Don’t Forget the 2020 Census


The novel coronavirus pandemic has thrown our world upside down, but when life starts to take a more normal course it is important we be counted. The 2020 Census started last month. So far, Malibu’s response to the government’s headcount has been pretty dismal. So, the Malibu City Council is urging residents to complete your Census forms as soon as possible.

“It’s easy to do it online.  It takes between five and 10 minutes,” Mayor Karen Farrer told the city council last week in a teleconference meeting. 

With the pandemic forcing the suspension of Census field workers, online is the easiest way to go for many. This is the first time in 24 US censuses that questions can be answered online. Some residences may have received a questionnaire in the mail. The Census can be completed by phone, as well.

With so many easy options to respond, it was “alarming” to a speaker at the online council meeting that Malibu has had such a low response rate so far. Speaking remotely, Ben Suber described himself as a US 2020 Census worker/advisor in Ventura County and a “semi-regular” at Malibu City Council meetings. 

“I found it alarming that the city of Malibu’s response rates as of April 12 is only 25.2 percent,” Suber said. He used neighboring Agoura Hills as a comparison, which he cited has a more than double—60-percent—response rate, and 51.7 in Calabasas. “There’s definitely a lot of work that needs to be done.”  

Suber pointed out that some neighborhoods are responding to the Census better than others. Pepperdine, Latigo Canyon and Big Rock are averaging a roughly 33 percent response rate.  Malibu West is only reporting a 19.4 percent response rate. Of course, vacant homes and burned-out lots from the Woolsey Fire have contributed to non-responses. Lack of internet access could also be an issue.

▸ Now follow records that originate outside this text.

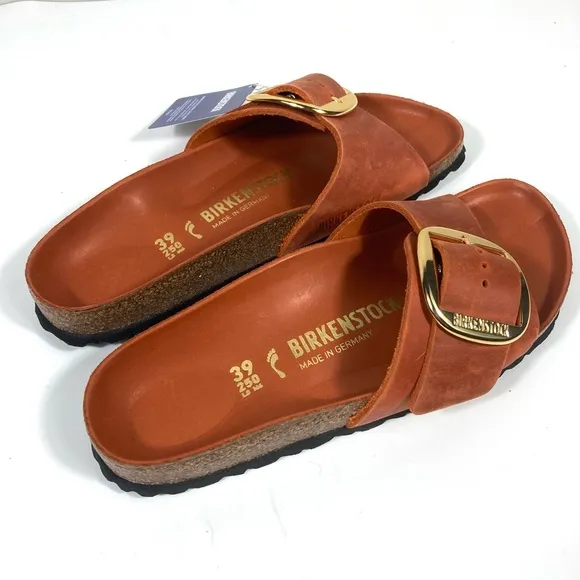 Birkenstock Madrid Big Buckle Slide Sandals Oiled Leather Burnt Orange NEW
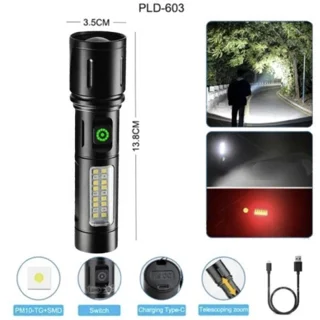 Ліхтарик PLD-603 WHITE LASER LED PM10-TG+18SMD (white+red) Li-Ion акумулятор індикація заряду ЗУ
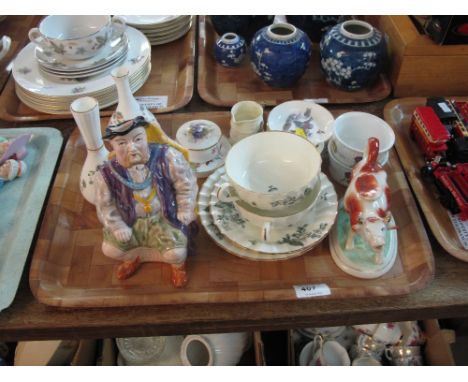 Tray of assorted china to include Melba ware, Henry VIII Toby jug, Wedgwood kutani crane baluster vase, other floral vases, R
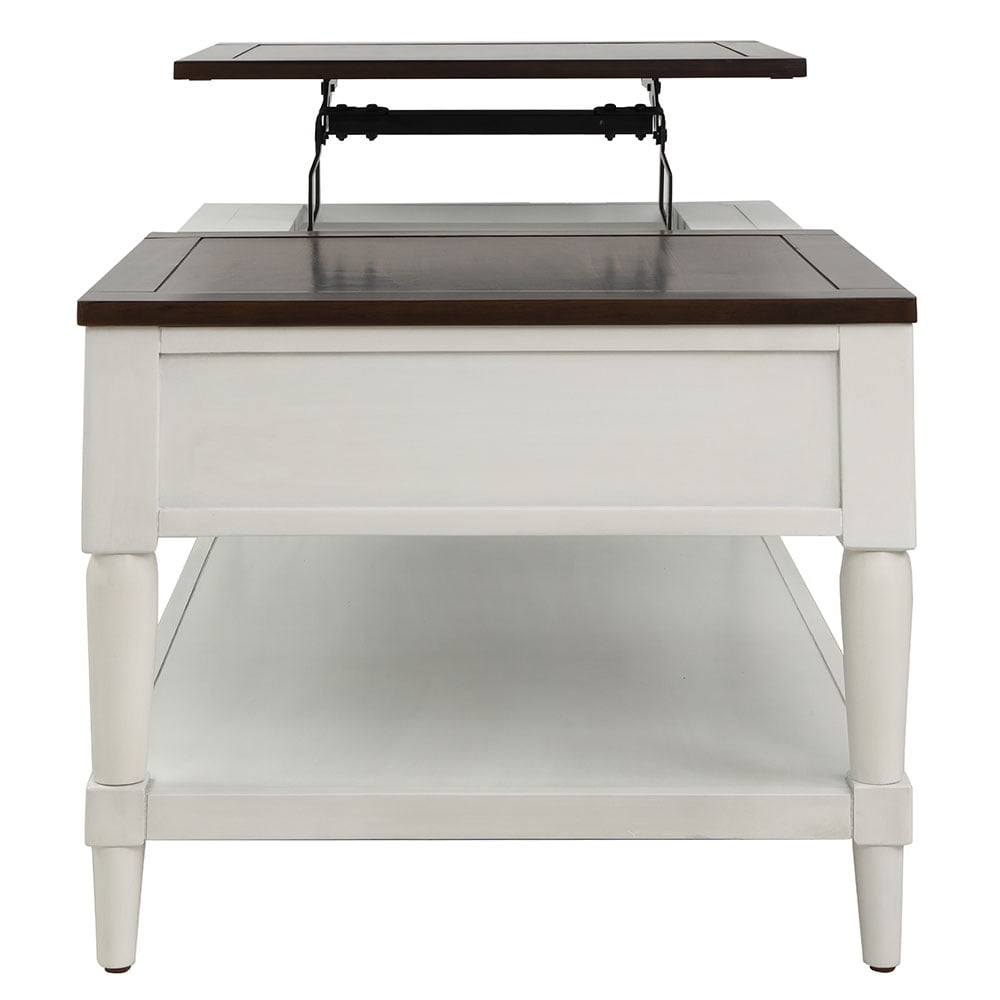 Private Jungle Wood Coffee Table Lift Top with 1 Drawer and Shelf, White and Brown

With the council passing a motion to recognize the importance of the 2020 Census, Council Member Jefferson “Zuma Jay” Wagner pleaded, “It’s not that difficult. We’ve each got to do our five minutes. Stick up for our city. This reflects poorly unless we get higher numbers.”

Census data helps determine billions of dollars in federal funding for schools, hospitals, roads and determines the number of seats each state gets in the U.S. House of Representatives.